He didn’t see me.

I waited for his footsteps to recede and then squeezed into the hall. Emma followed, pulling the door shut behind us.

Left or right? The floor ran uphill to the left, downhill to the right. According to Bentham we were in Caul’s tower, but his prisoners were not. We needed to get out. Down, then. Down and right.

We turned right, hugging the inner wall as the hallway spiraled downward. The rubber soles of my shoes squeaked. I hadn’t noticed the noise until now, and in the amplified quiet of the hard-walled hallway, each step was cringe-inducing.

We went on for a short while, and then Emma tensed and threw her arm across my chest to stop me.

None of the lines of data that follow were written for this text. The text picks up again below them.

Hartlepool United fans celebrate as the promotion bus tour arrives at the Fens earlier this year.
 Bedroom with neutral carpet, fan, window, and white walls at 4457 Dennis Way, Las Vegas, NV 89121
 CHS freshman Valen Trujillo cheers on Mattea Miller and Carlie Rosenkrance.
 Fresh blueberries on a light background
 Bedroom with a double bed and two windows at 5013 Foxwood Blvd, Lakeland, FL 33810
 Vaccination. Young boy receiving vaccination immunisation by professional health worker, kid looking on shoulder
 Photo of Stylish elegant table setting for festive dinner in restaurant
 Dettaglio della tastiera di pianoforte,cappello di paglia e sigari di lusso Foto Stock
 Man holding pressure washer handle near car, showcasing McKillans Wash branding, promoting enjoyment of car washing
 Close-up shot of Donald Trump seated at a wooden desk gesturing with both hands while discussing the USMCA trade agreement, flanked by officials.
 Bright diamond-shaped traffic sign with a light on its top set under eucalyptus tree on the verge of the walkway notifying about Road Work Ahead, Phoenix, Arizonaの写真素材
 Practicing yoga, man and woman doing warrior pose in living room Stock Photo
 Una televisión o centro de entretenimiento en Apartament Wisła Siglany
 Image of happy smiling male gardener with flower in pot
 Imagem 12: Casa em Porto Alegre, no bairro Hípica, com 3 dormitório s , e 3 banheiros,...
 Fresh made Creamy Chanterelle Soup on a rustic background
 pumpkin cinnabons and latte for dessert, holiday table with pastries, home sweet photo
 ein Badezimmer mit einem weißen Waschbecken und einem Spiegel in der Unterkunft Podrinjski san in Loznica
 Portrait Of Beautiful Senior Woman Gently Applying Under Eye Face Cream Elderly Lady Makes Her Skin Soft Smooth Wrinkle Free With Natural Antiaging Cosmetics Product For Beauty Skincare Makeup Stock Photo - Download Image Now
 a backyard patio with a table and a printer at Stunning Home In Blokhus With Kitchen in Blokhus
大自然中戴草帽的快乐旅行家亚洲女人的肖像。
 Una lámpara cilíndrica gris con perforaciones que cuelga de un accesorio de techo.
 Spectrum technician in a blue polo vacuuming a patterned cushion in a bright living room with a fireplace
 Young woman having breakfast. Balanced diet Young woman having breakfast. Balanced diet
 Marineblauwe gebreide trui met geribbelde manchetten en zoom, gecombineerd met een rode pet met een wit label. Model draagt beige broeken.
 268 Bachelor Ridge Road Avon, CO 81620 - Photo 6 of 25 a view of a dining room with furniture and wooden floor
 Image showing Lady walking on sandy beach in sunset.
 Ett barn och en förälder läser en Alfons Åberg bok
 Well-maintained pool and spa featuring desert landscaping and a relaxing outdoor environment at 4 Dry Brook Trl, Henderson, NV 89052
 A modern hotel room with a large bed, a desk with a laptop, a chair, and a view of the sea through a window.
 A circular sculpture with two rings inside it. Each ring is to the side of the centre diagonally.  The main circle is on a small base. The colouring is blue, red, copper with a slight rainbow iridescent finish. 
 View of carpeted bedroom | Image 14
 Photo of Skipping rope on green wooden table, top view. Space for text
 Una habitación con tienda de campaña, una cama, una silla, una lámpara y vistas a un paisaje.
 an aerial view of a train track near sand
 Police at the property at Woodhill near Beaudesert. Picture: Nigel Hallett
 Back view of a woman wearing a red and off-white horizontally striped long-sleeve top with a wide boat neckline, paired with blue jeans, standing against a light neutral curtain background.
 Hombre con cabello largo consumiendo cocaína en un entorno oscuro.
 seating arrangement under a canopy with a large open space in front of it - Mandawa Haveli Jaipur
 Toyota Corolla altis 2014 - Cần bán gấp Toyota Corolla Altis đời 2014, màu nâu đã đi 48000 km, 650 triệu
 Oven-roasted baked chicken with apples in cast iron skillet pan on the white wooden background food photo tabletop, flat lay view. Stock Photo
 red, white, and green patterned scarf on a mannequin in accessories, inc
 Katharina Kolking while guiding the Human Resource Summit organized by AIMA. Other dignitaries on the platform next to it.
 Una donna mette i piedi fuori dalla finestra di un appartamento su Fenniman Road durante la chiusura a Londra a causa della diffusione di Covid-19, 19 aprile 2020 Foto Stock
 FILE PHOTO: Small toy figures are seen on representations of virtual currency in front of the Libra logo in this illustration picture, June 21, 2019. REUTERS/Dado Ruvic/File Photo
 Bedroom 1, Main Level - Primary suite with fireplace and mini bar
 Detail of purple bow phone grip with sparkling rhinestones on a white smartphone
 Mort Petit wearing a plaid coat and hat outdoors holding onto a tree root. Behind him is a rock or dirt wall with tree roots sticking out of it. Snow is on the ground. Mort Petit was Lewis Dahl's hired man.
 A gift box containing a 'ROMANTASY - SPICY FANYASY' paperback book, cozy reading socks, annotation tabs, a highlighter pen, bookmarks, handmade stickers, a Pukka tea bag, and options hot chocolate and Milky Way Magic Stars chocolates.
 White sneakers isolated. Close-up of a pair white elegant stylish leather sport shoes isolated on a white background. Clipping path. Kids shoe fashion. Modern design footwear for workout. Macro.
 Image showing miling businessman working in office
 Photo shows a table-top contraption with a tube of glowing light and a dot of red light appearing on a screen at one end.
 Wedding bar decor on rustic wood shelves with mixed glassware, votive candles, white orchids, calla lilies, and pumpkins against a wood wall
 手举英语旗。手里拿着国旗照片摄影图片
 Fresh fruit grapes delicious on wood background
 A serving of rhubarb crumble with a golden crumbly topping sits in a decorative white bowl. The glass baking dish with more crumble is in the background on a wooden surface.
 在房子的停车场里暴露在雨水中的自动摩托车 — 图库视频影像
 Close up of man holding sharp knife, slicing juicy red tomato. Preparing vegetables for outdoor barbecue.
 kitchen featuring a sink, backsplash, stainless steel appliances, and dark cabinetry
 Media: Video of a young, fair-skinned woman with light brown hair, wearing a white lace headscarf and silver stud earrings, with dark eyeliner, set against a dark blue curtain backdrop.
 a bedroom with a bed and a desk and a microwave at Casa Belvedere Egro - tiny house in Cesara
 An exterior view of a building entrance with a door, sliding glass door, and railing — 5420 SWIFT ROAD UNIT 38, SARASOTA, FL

We listened. With our footsteps silenced, we could hear others. They were ahead of us, and close. We rushed to the closest door. It slid open easily. We dove inside, closed it, threw our backs against it.

The room we’d entered was round, walls and ceiling both. We were inside a huge drainage pipe, thirty feet wide and still under construction—and we weren’t alone. Where the pipe ended and broke into rainy daylight, a dozen men sat on a pipe-shaped scaffold, staring at us, dumbfounded. We’d interrupted them during their lunch break.

“Hey! How’d you get in there?” one shouted.

“They’re kids,” said another. “Hey, this ain’t a playground!”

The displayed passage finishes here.